It doesn’t have to be about Trump either (He’s just, currently, the most controversial issue). Consider the liturgical wars. Some who prefer the way of the 1962 Missal believe all who disagree are heretics. Some who prefer the current Form of the Mass are schismatics. Some are—but not all. Again, those who do not are being rashly judged, accused of directly willing whatever bad effects come.

The Root of the Problem

I think there are two things people don’t ask: What the actual Church teaching permits, and what the person we disagree with actually thinks. If we don’t know both, we risk falsely accusing a person of supporting something he actually rejects. Even if it turns out he does support a wrong position, our accusation is merely a coincidence with no basis behind it.

Knowing what the Church actually teaches on a subject is important, because we have both the actual stated teaching, and the application based on conditions. For example, the Church speaks on the obligation to care for those in need. She does not define how we must vote, or what political platform we must endorse in order to meet that obligation. Provided we don’t try to “play the Pharisee” and evade our obligations under a disguise of piety, we can choose different ways to carry it out. In this case, it would be rash judgment to assume the person who chose a different way, while trying to be faithful, is ignoring Church teaching.

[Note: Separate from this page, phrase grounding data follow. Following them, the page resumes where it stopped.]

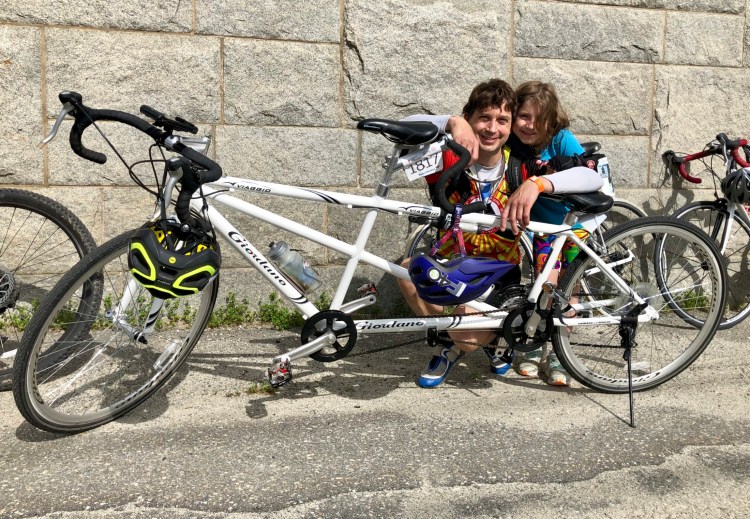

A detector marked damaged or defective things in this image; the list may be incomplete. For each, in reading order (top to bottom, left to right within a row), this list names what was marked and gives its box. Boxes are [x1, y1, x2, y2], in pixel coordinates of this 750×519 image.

cracked asphalt [1, 320, 750, 519]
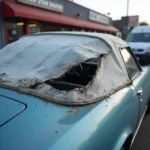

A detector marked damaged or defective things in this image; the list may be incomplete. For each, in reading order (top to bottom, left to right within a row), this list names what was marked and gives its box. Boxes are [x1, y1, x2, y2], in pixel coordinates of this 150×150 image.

damaged soft top [0, 32, 131, 105]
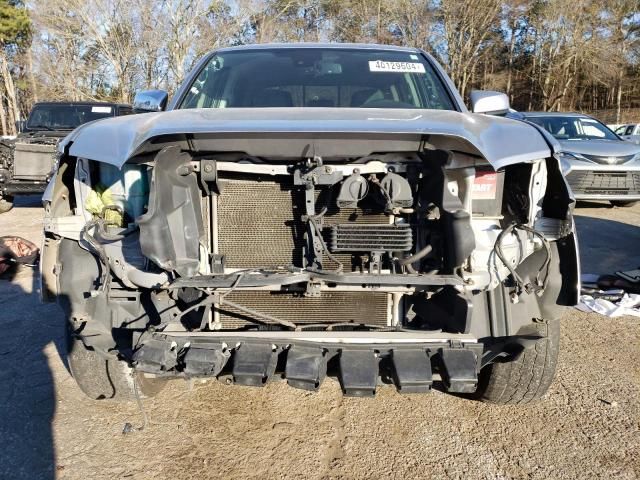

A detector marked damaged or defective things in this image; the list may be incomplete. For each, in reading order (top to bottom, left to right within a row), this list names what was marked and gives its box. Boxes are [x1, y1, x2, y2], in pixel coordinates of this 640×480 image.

crushed front bumper [132, 332, 482, 396]
damaged white pickup truck [41, 45, 580, 404]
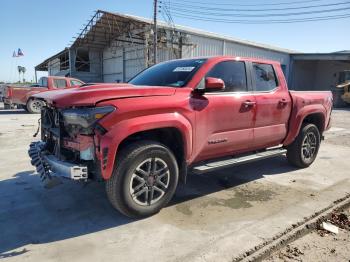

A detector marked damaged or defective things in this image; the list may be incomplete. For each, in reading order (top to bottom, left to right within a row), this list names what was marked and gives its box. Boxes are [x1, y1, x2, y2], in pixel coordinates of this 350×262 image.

Likewise, when it comes to addressing the issue of sinners in the Church and reconciliation, we need to remember that the clergy need to not only assess the fact that something is intrinsically evil, but assess the intentions and circumstances that leads to our committing these sins. Why does the Church tolerate what we think is horrible? It’s a good question—and maybe we need to investigate, not assuming that our not finding an answer means there is none to be found.

The point is, if we don’t understand the fullness of the Church teaching, or lack of understanding may lead us to see sin where there is none, or vice versa. We may think the Church is too harsh or too lenient, when she is exactly right. We may think others are guilty when they innocent, or think they are innocent when they are guilty.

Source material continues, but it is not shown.